§ Source data
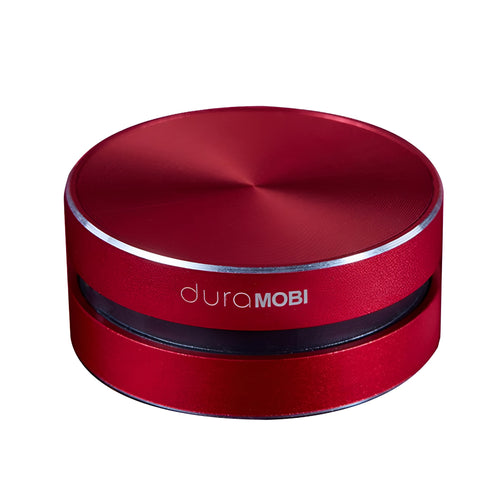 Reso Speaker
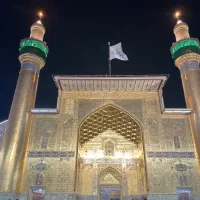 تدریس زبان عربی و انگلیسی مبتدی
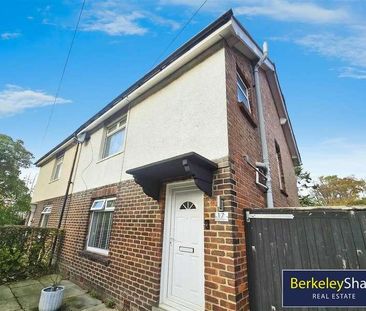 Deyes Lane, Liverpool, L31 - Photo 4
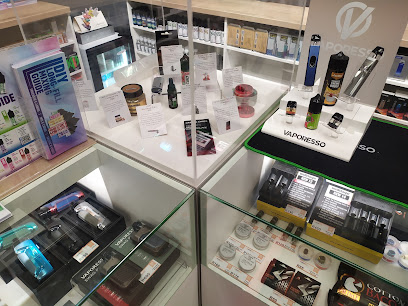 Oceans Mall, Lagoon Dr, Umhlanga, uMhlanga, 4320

§ Task details
Copy out all the data without changing anything, and drop the pictures.

§ Output
 Reso Speaker
 تدریس زبان عربی و انگلیسی مبتدی
 Deyes Lane, Liverpool, L31 - Photo 4
 Oceans Mall, Lagoon Dr, Umhlanga, uMhlanga, 4320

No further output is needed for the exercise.